**MATERIAL FOR THIS EXERCISE:**
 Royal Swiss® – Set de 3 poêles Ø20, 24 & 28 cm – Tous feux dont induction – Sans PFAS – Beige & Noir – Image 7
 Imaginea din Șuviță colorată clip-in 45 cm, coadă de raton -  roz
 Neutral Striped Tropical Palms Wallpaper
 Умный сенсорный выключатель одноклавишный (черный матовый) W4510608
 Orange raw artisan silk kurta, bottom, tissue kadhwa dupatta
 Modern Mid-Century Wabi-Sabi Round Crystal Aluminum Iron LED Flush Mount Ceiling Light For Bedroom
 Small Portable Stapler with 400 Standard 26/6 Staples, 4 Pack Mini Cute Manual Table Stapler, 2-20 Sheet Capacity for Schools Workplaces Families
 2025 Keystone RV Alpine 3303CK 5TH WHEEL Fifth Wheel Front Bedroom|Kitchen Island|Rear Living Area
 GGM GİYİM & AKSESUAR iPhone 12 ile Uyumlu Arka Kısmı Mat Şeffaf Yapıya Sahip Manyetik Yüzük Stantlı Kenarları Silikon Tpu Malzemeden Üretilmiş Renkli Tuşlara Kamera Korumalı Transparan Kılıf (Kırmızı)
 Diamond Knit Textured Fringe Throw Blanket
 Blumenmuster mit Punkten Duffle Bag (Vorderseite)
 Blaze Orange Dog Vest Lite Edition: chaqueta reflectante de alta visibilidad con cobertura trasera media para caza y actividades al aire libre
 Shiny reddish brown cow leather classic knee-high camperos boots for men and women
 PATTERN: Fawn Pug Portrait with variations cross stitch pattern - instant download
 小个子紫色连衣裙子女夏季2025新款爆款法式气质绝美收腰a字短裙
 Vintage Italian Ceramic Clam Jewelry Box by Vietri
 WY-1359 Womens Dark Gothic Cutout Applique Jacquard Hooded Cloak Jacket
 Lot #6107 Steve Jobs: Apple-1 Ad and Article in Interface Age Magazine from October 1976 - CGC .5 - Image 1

**WHAT TO DO:**
Reproduce exactly the section above that begins at the line containing "Умный сенсорный выключатель" and ends at the line containing "Modern Mid-Century Wabi-Sabi", leaving out all other lines.

**EXERCISE RESPONSE:**
 Умный сенсорный выключатель одноклавишный (черный матовый) W4510608
 Orange raw artisan silk kurta, bottom, tissue kadhwa dupatta
 Modern Mid-Century Wabi-Sabi Round Crystal Aluminum Iron LED Flush Mount Ceiling Light For Bedroom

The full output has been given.